Sonora Mayor Pro-Tem Matt Hawkins, who was serving his first term on the city council at the time, recalled how Miller never sugar-coated the dire situation the city was facing financially — and what had to be done to get it back on course.

“Basically, Tim is what the city needed when he came in,” Hawkins said. “He didn’t paint a great picture of where we were at, he was factual, and never once did he mislead us, in my opinion.”

However, the city is now looking at a future without Miller at the helm.

The council received a letter from Miller on Aug. 5 announcing his intent to retire from the position, which he’s served in on a permanent basis since January 2011. He told the council he would stay until at least Oct. 7, or longer if needed to help with the transition.

Miller, 64, was not available for an interview Tuesday or Wednesday because he was traveling to Redwood City for a medical procedure, but said via text message that he and his wife, Mary, recently sold their house in Confidence and are moving to Paradise Valley, Montana, where they’ve been building a home for some time.

“He served his time for the city,” Hawkins said. “I knew it was coming, but basically just didn’t know when.”

On Tuesday, the city posted a notice on its website recruiting for Miller’s replacement.

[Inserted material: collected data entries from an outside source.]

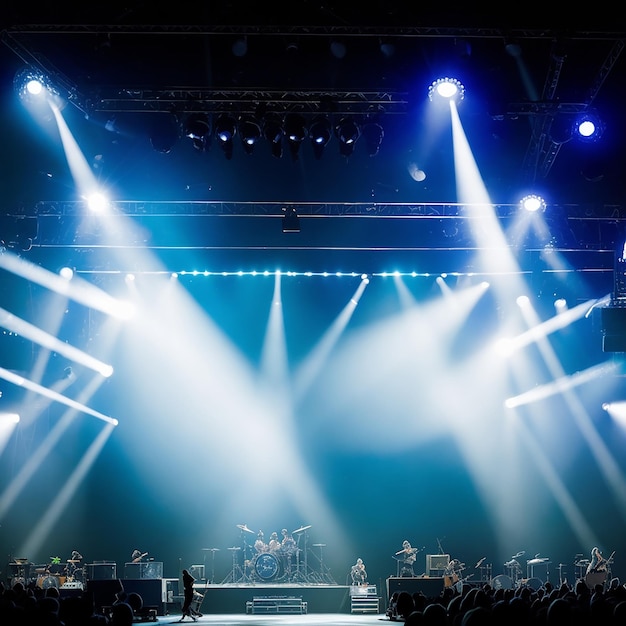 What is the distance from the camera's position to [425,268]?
51.8 ft

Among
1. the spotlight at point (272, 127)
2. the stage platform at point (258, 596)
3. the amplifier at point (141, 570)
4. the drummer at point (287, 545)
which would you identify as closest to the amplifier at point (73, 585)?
the amplifier at point (141, 570)

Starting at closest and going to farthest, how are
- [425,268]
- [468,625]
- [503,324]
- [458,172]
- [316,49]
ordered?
[468,625] → [316,49] → [458,172] → [425,268] → [503,324]

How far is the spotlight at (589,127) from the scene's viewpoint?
37.7ft

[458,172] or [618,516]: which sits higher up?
[458,172]

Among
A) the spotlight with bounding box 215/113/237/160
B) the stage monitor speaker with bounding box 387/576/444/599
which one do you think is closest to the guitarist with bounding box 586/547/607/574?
the stage monitor speaker with bounding box 387/576/444/599

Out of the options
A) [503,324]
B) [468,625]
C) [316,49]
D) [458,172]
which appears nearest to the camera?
[468,625]

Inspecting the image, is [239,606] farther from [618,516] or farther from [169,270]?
[618,516]

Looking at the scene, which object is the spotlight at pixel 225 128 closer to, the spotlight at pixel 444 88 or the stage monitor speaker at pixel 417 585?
the spotlight at pixel 444 88

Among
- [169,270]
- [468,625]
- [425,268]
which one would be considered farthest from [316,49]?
[468,625]

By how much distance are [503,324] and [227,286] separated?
20.6 feet

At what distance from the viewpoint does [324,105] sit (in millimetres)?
11156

The deadline to apply for the position is next Friday, Sept. 13.

The city administrator essentially acts as the chief executive officer for the city, with duties that include overseeing all city functions and activities, providing guidance policies and programs to the city council, fostering relationships with state and local governmental agencies, and pursuing avenues for economic and community development, among other tasks.

Hawkins said the relatively brief window of opportunity to apply for the position was intended to help speed up the process.

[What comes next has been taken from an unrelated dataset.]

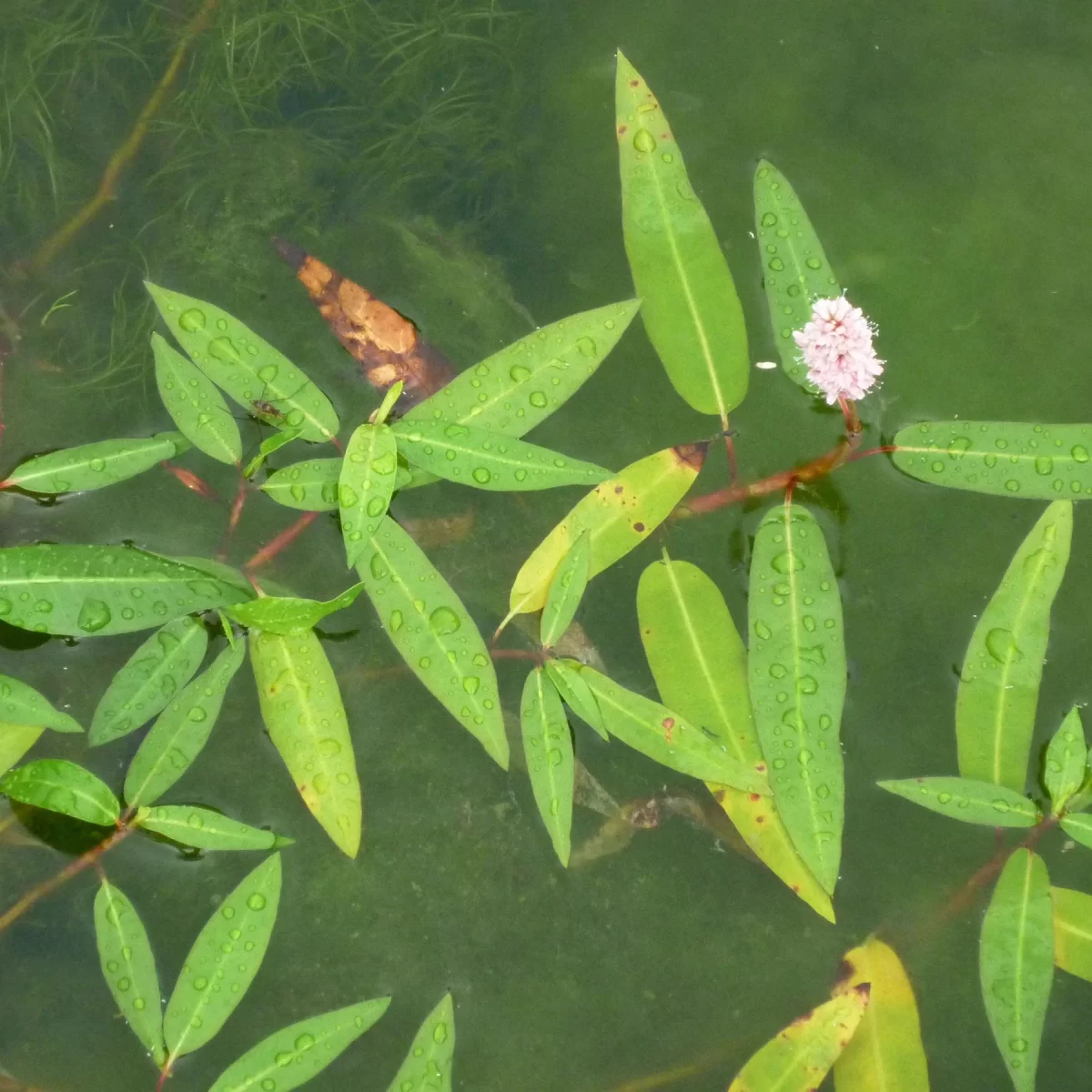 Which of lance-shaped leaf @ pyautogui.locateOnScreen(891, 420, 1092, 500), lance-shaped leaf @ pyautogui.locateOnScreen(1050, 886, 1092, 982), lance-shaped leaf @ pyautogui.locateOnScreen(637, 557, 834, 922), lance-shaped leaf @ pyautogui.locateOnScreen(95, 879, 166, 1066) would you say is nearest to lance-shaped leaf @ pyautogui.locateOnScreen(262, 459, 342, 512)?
lance-shaped leaf @ pyautogui.locateOnScreen(637, 557, 834, 922)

“Basically, we’re just trying to get things on the move,” he said. “I guess the idea is that people who want this job are going to apply for this job, but there hasn’t been anyone selected.”

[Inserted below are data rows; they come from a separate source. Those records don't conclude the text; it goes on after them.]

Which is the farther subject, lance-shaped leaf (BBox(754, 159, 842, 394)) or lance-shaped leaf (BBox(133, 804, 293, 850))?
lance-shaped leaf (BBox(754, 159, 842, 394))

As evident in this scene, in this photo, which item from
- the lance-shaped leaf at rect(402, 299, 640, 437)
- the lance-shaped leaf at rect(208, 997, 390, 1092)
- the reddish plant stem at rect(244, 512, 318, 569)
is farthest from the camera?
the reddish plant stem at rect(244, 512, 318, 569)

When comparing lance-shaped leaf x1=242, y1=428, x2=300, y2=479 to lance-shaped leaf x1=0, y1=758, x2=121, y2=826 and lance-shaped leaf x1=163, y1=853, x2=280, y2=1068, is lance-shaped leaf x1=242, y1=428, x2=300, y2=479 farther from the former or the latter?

The council is also opening up the qualifications and other requirements for the position in hopes of attracting a wider pool of candidates.

Education and experience must be equivalent to a four-year college or university degree with major coursework in public or business administration, public policy, finance, or another related field, in addition to five years of management experience in a public agency as a department head or assistant administrator.

A master’s degree or equivalent to one in public or business administration is “highly desired,” but not required. The only required licenses or certifications is a valid California driver’s license by the time of being hired.

“I think this opens up the pool so maybe we can select a better candidate,” Hawkins said.

A six-page brochure for the position states that the compensation and benefits are “negotiable,” but lists Miller’s current annual salary at $153,120. Educational incentives include a 2.5 percent boost in pay for each degree up to a doctorate, with a 10 percent maximum.

Benefits include a pension through the California Public Employees Retirement System, as well as medical, dental, vision, life and long-term disability insurance, with premiums paid by the city.

Miller’s total health and retirement contributions paid by the city in 2018 totaled about $36,000, according to the state Controller’s Office.

Hawkins said he hasn’t heard any interest in the position from people recently laid off from the county, which included Community Resources Agency Director David Gonzalves, General Resources Agency Director Daniel Richardson, and Library Director Deborah Samson.

An ideal candidate for Hawkins would be someone who is fiscally responsible, energetic, and would plan to stay with the city for at least 10 years.

“That doesn’t mean we necessarily get someone with a ton of experience, but I would like to see someone with a lot of energy,” he said. “Tim had a lot of energy when he came in and was basically a breath of fresh air.”

Miller worked in the public sector off and on for most of his career, starting with the Atwater Planning Department in 1979. He later worked for an engineering company before starting his own, Miller and Associates, in 1994.

One of the biggest projects that Miller worked on before becoming city administrator of Sonora was working with Merced County and University of California, Merced, to plan out the 10,000-unit community that sprang up around the UC Merced campus in 2005.

The City of Sonora was previously deficit spending to the tune of more than $400,000 prior to Miller coming on board in 2010, which had depleted the city’s reserve funds from a peak of $2.5 million in 2008 to less than $1 million.

Miller helped the council balance the budget over the next two years through cost-saving measures that included a reduction in part-time hours, limiting travel and training for employees and leaving a number of vacant positions unfilled.

Employees also sacrificed by forgoing cost-of-living increases, taking furloughs or salary reductions and making more contributions to their retirement plans.

All of the work resulted in a more stable city budget over the ensuing years while bringing the reserves back up to more than $2 million. It also hasn’t required the same level of cuts to services and staffing as Tuolumne County, which is facing a $4.2 million deficit this year.

“He got us back to where we needed to be and cut where we needed to cut, so we’re not doing basically what the county is doing now,” Hawkins said. “Had it not been for Tim, I think the council’s job would have been a lot more difficult.”